• Exercise goal:
Exactly reproduce the entries, dropping any pictures from your copy.

• Task material:
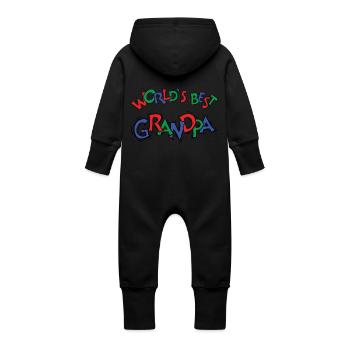 Welt bester Großvater - Baby Bio Sweat Overall mit Kapuze - Schwarz - Hinten
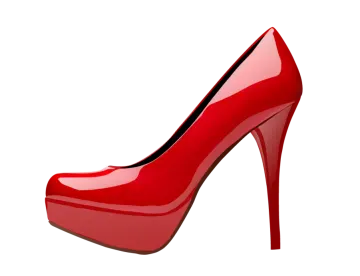 a red high heeled shoe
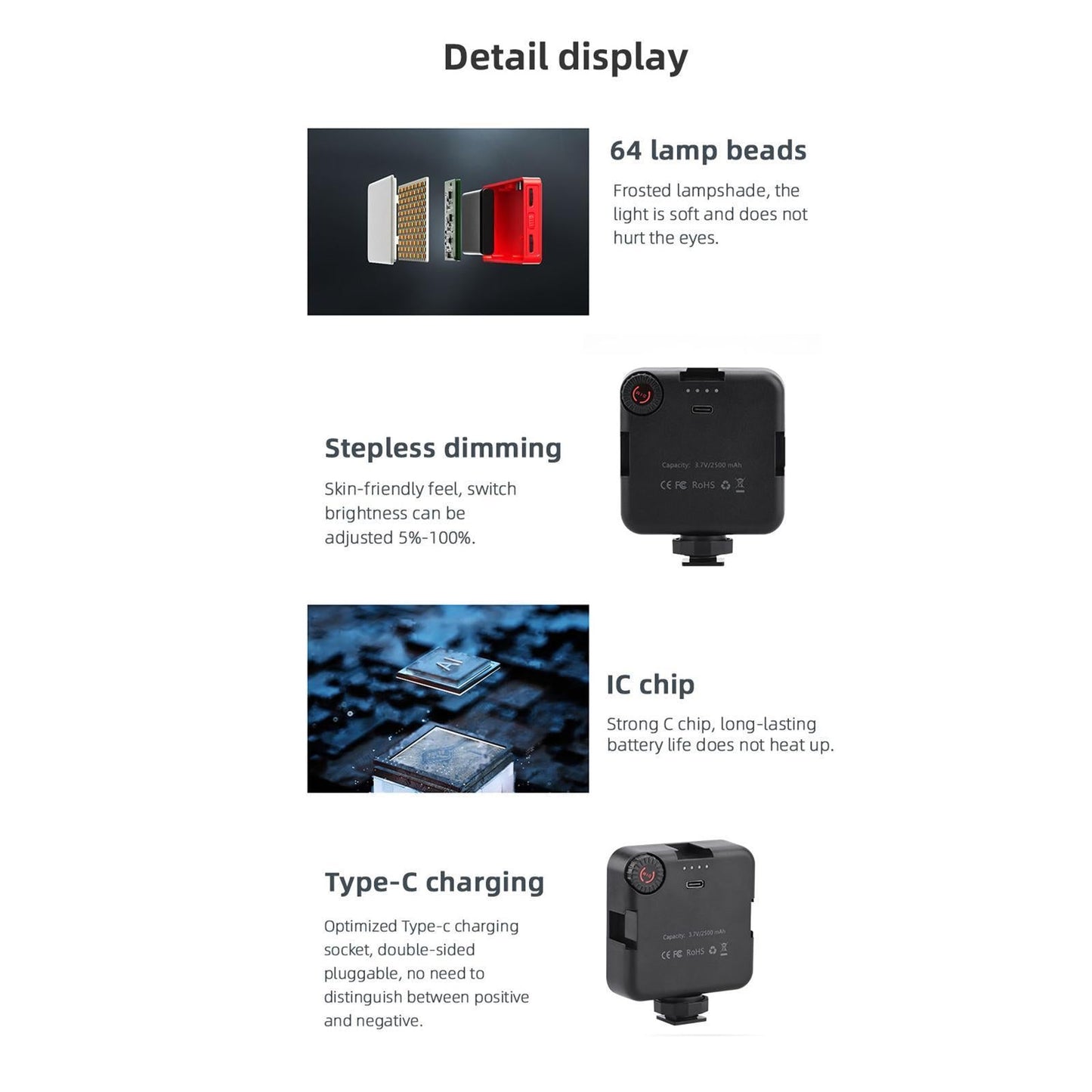 Universal Handheld Vlogging Kit Phone Vlog Kit Filming with LED Fill Light 5 Pieces in 1 Set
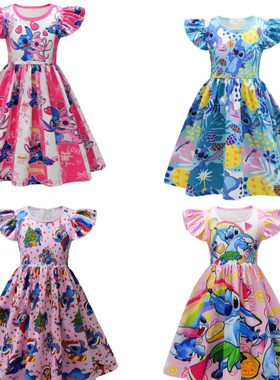 的士尼史迪奇星际宝贝Lilo and Stitch 儿童裙子史迪仔女童连衣裙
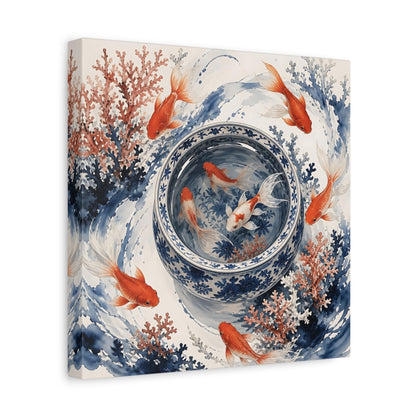 Side Mockup 8. Japanese Goldfish Basin shown as canvas print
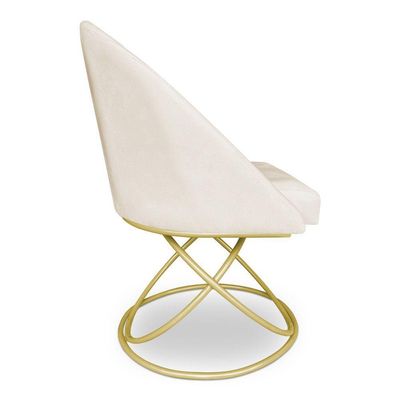 Cadeira Poltrona De Jantar Bela Veludo Base Metálica Luxo Dourado - Pallazio Cor Bege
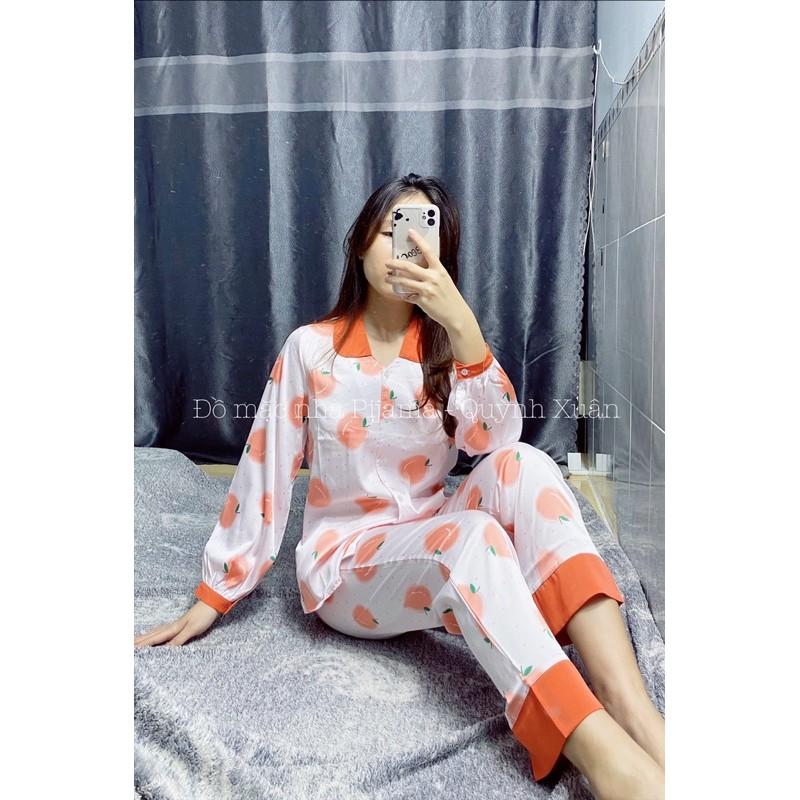 Đồ Mặc Nhà, Đồ Ngủ - TỔNG HỢP Những Mẫu Pijama Dài Tay Lụa LATIN Có Túi Xẻ Sâu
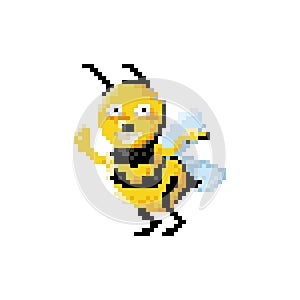 Pixel art bee. Vector illustration decorative design
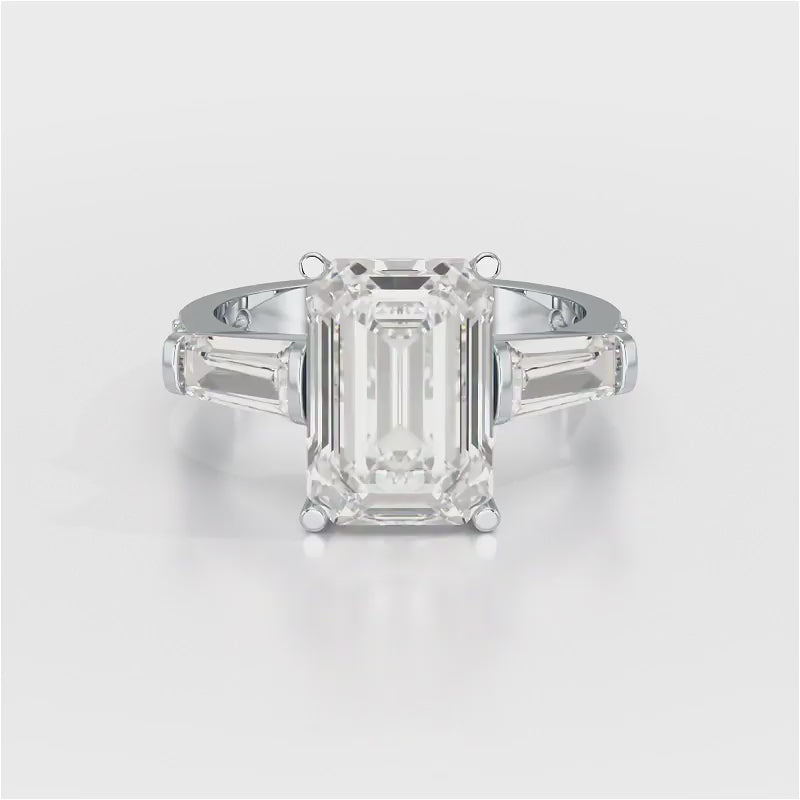 6.64 CT Lab Diamond Emerald Cut Three Stone Ring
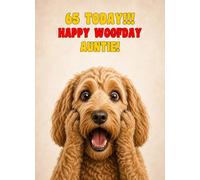 Auntie 65th Birthday Card (Funny Surprised Cockapoo Dog)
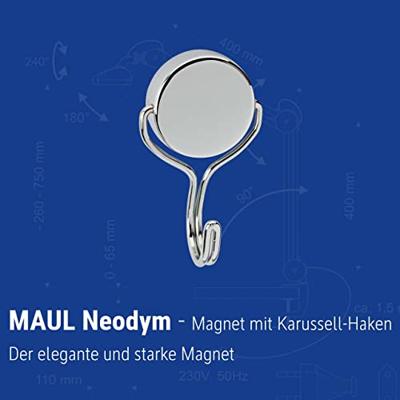 Maul Neodymium magneet MAUL (Ø x h) 38.5 mm x 55 mm Rond, Met haak Zilver 1 stuk(s) 6155696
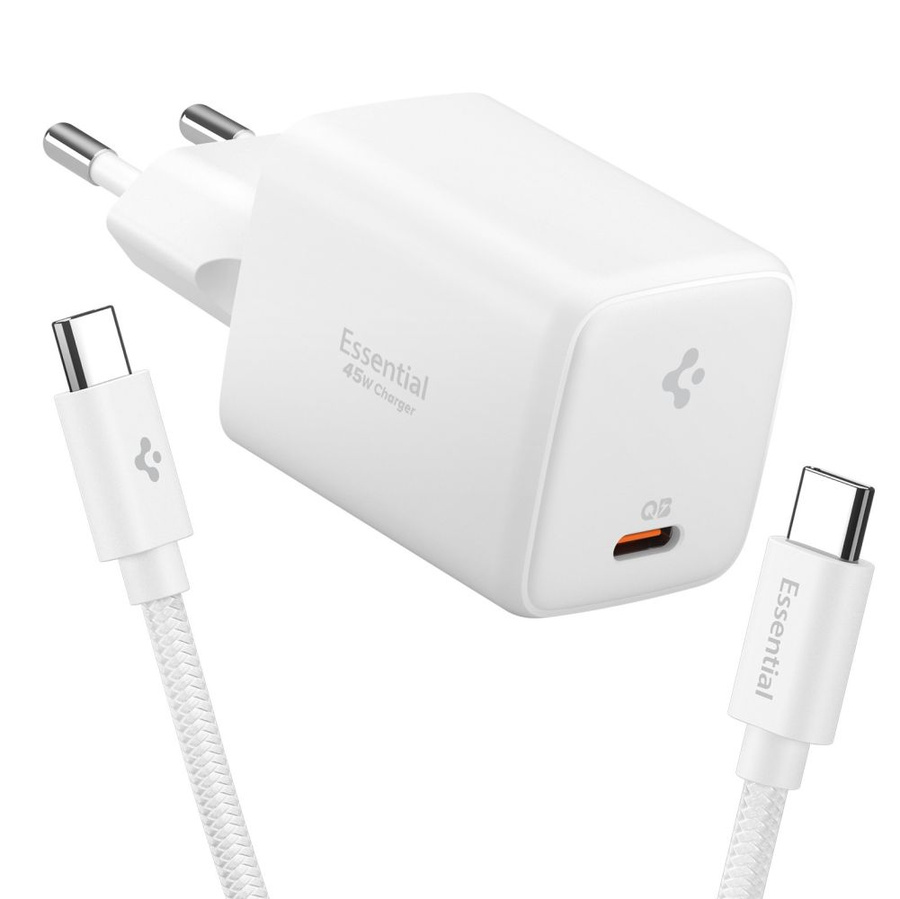 SPIGEN EE451EU ESSENTIAL 1-PORT NETWORK CHARGER 45W + TYPE-C CABLE valge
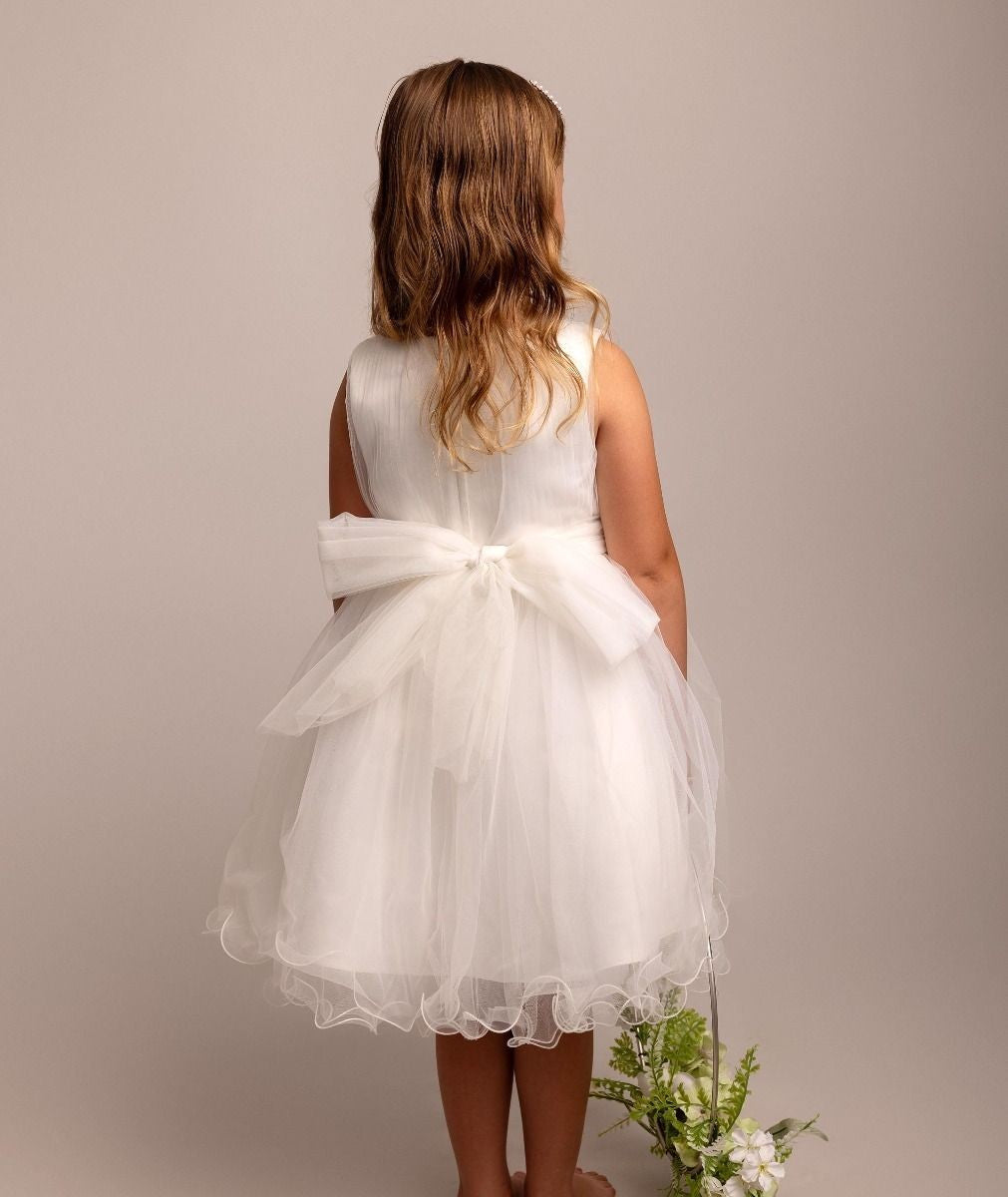 Robe en tulle avec appliqués floraux ivoire pour filles - Monica - Ivoire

• Exercise response:
 Welt bester Großvater - Baby Bio Sweat Overall mit Kapuze - Schwarz - Hinten
 a red high heeled shoe
 Universal Handheld Vlogging Kit Phone Vlog Kit Filming with LED Fill Light 5 Pieces in 1 Set
 的士尼史迪奇星际宝贝Lilo and Stitch 儿童裙子史迪仔女童连衣裙
 Side Mockup 8. Japanese Goldfish Basin shown as canvas print
 Cadeira Poltrona De Jantar Bela Veludo Base Metálica Luxo Dourado - Pallazio Cor Bege
 Đồ Mặc Nhà, Đồ Ngủ - TỔNG HỢP Những Mẫu Pijama Dài Tay Lụa LATIN Có Túi Xẻ Sâu
 Pixel art bee. Vector illustration decorative design
 6.64 CT Lab Diamond Emerald Cut Three Stone Ring
 Auntie 65th Birthday Card (Funny Surprised Cockapoo Dog)
 Maul Neodymium magneet MAUL (Ø x h) 38.5 mm x 55 mm Rond, Met haak Zilver 1 stuk(s) 6155696
 SPIGEN EE451EU ESSENTIAL 1-PORT NETWORK CHARGER 45W + TYPE-C CABLE valge
 Robe en tulle avec appliqués floraux ivoire pour filles - Monica - Ivoire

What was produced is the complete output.